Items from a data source
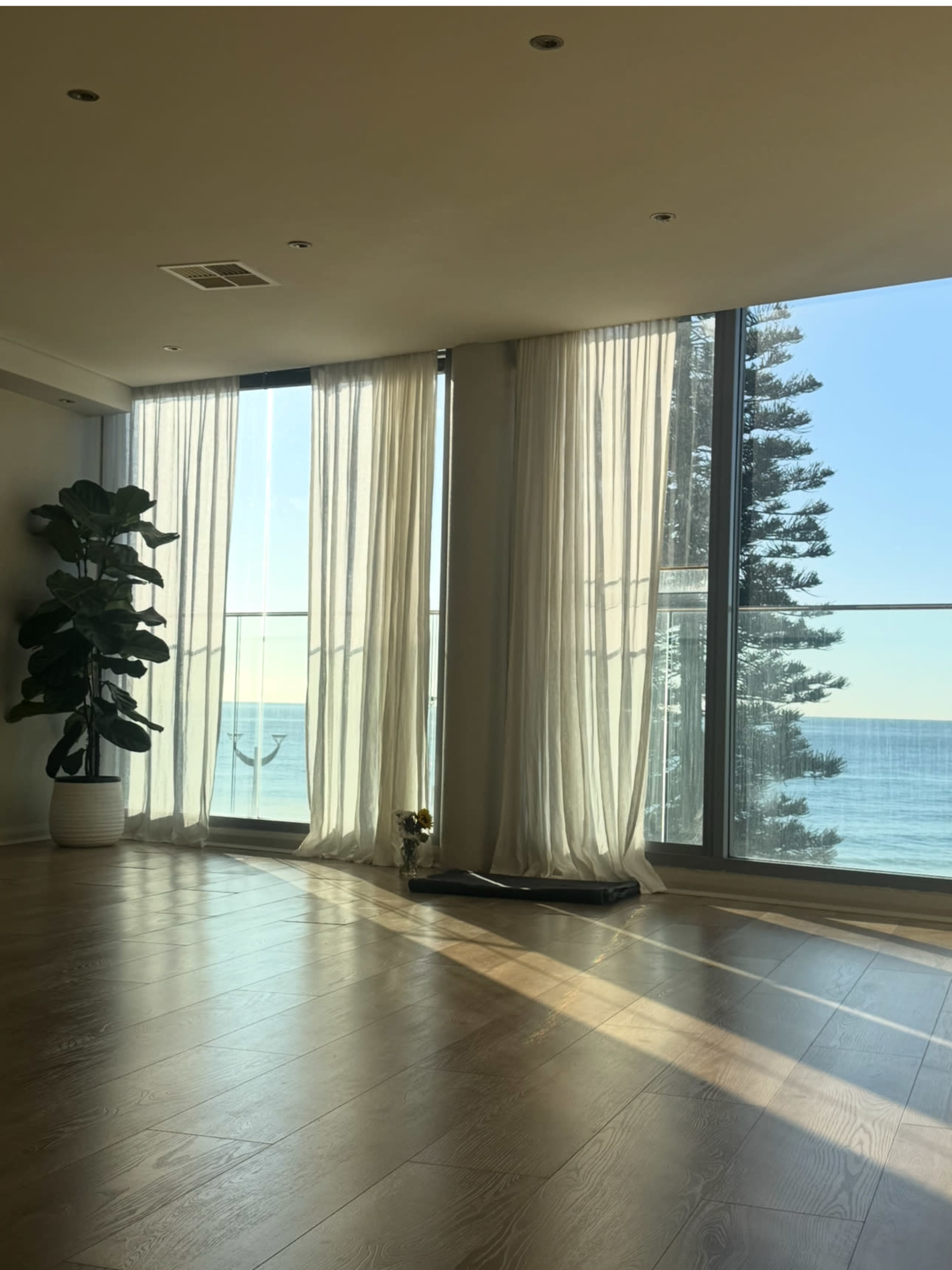 A spacious, sunlit room features large windows with sheer curtains overlooking a view of the ocean and a tree.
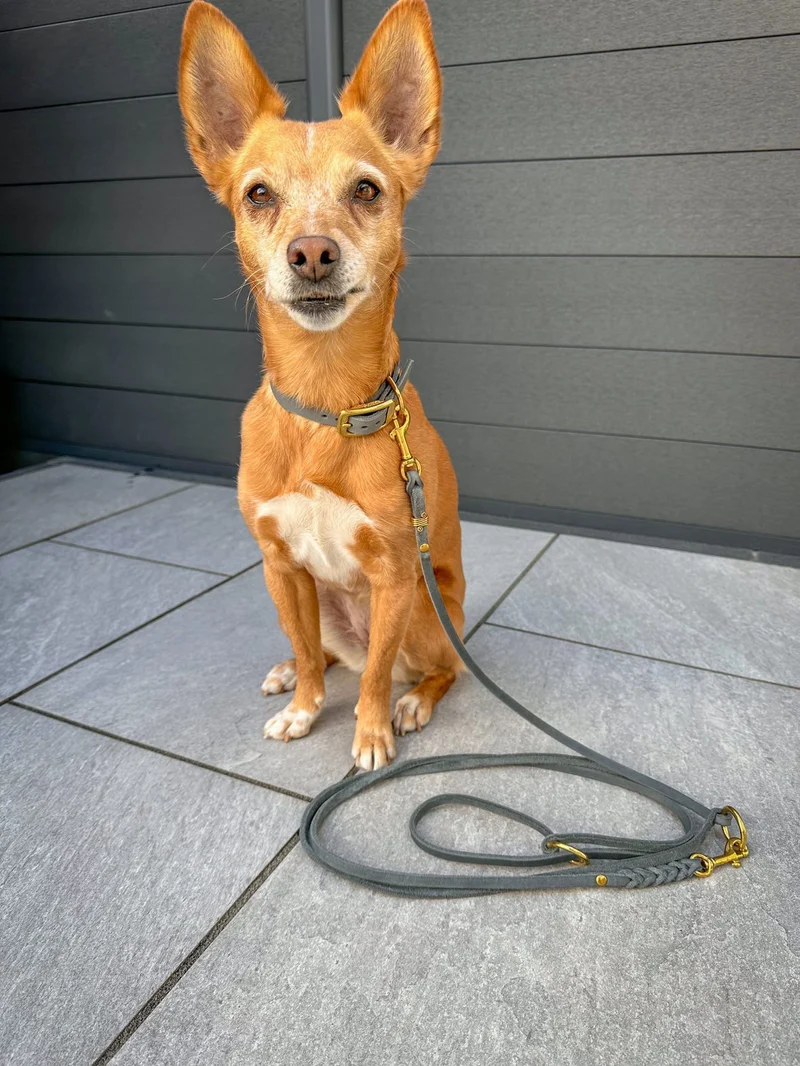 Fettlederleine für kleine Hunde | dreifach verstellbar | geflochten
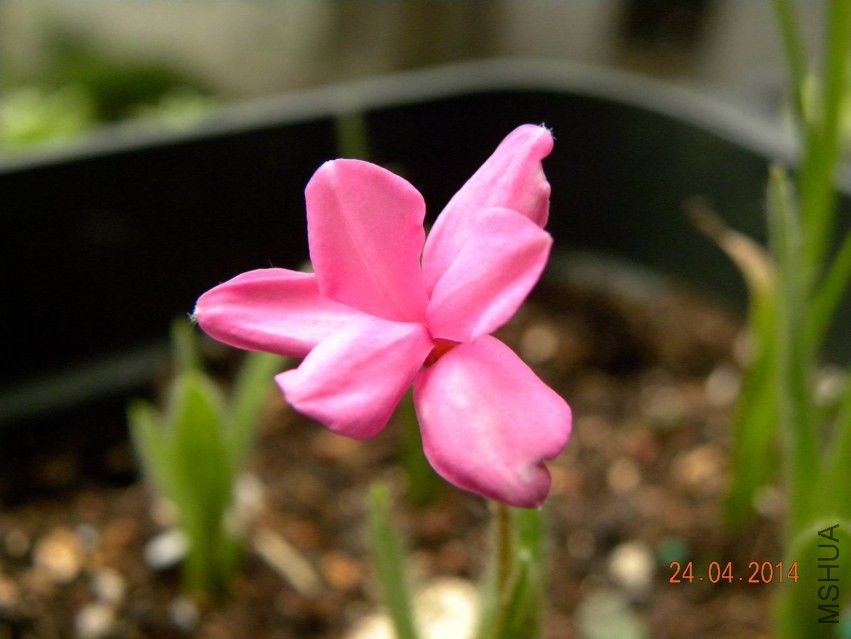 DSCN2306.jpg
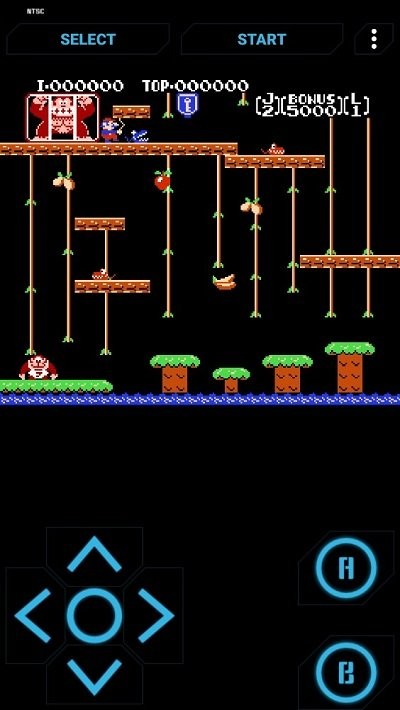 fc大金刚jr街机版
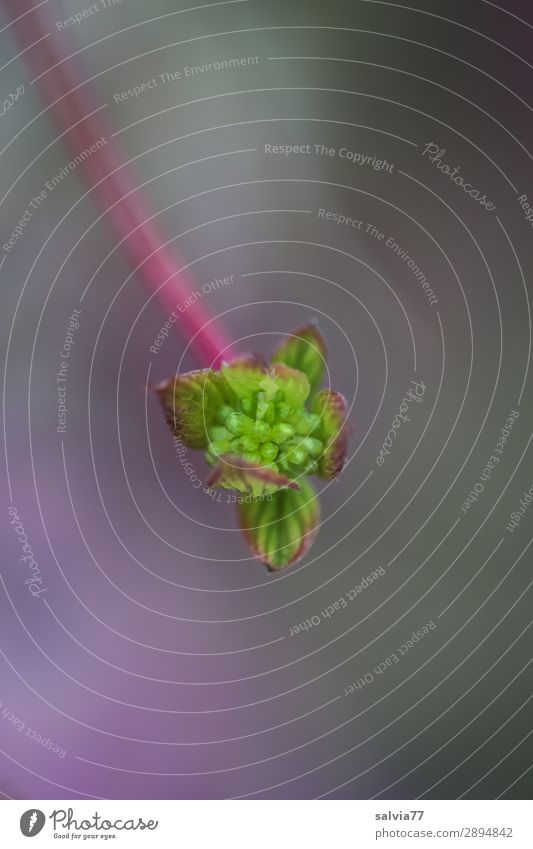 zartes grün, Blütenknospe des roten Hartriegels Knospe Pflanze grauer hintergrund weich frisch pink Wachstum Natur Frühling Schwache Tiefenschärfe Makroaufnahme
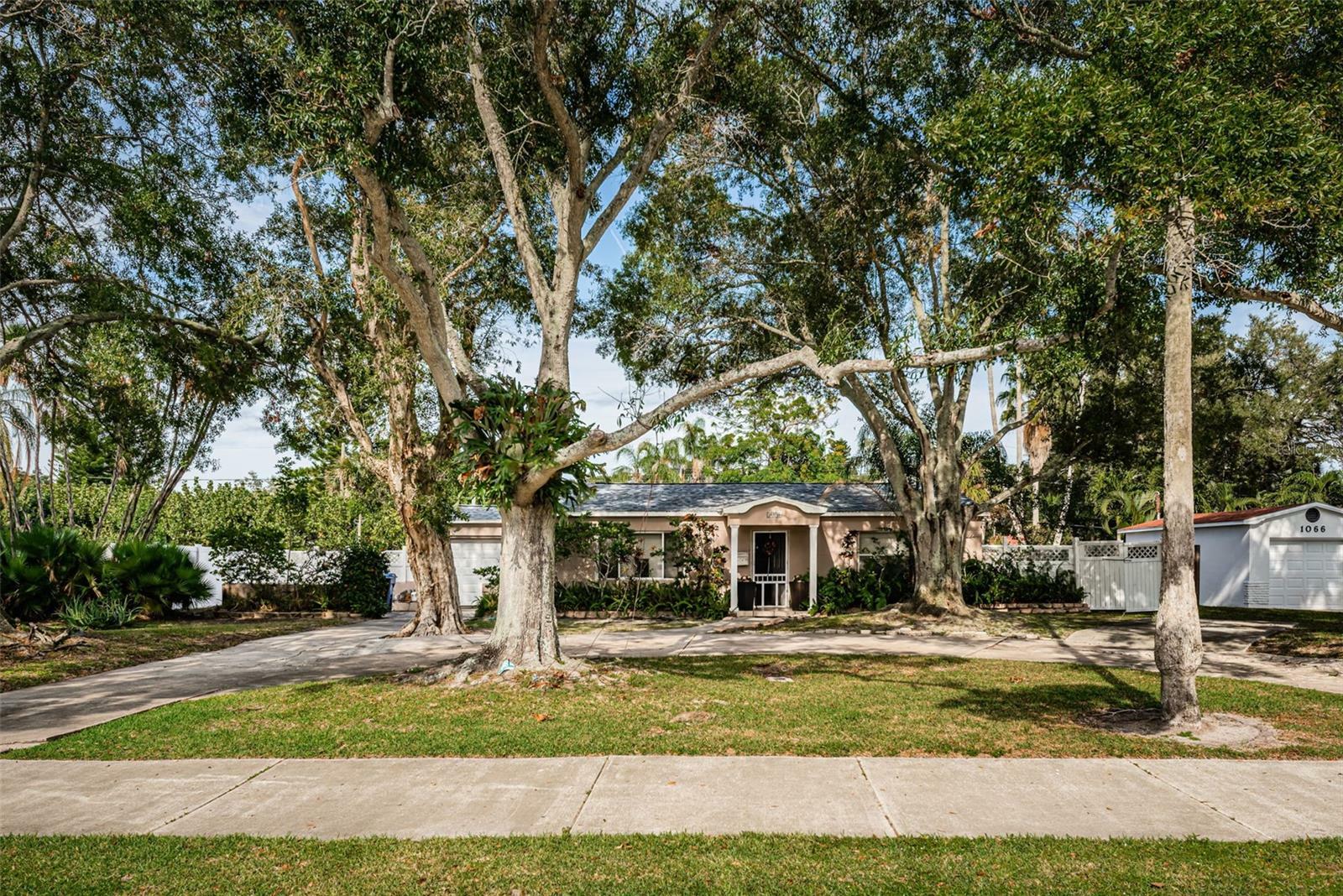 Property Photo:  1056 Snell Isle Boulevard NE  FL 33704 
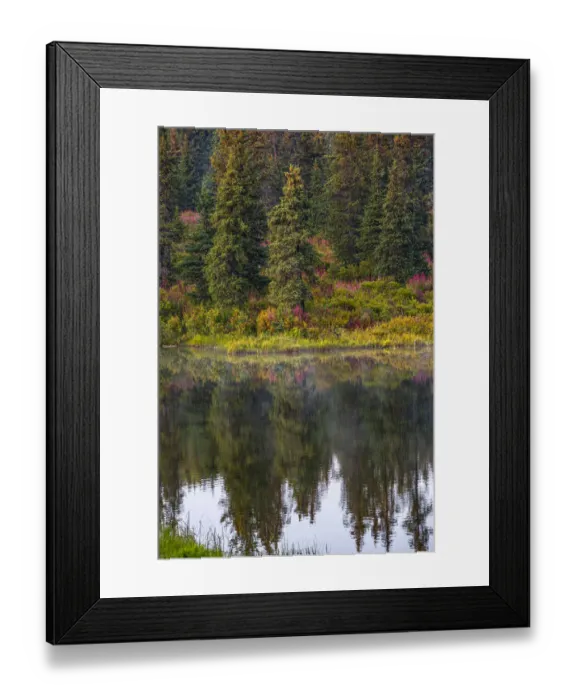 Framed Print : Homer, Alaska, autumn, fireweed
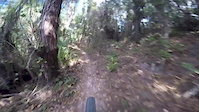 Balm Boyette Part 4
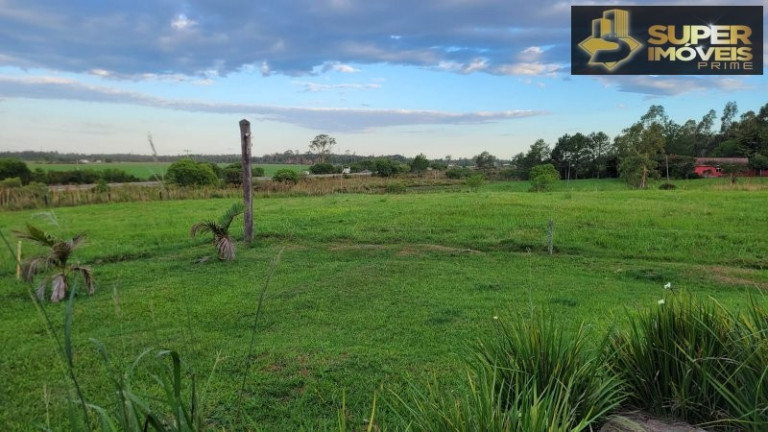 Imagem Imóvel com 3 Quartos à Venda, 20.000 m² em Fragata - Pelotas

Aim of the task:
Return the data exactly. Pictures stay out.

Solved problem:
 A spacious, sunlit room features large windows with sheer curtains overlooking a view of the ocean and a tree.
 Fettlederleine für kleine Hunde | dreifach verstellbar | geflochten
 DSCN2306.jpg
 fc大金刚jr街机版
 zartes grün, Blütenknospe des roten Hartriegels Knospe Pflanze grauer hintergrund weich frisch pink Wachstum Natur Frühling Schwache Tiefenschärfe Makroaufnahme
 Property Photo:  1056 Snell Isle Boulevard NE  FL 33704 
 Framed Print : Homer, Alaska, autumn, fireweed
 Balm Boyette Part 4
 Imagem Imóvel com 3 Quartos à Venda, 20.000 m² em Fragata - Pelotas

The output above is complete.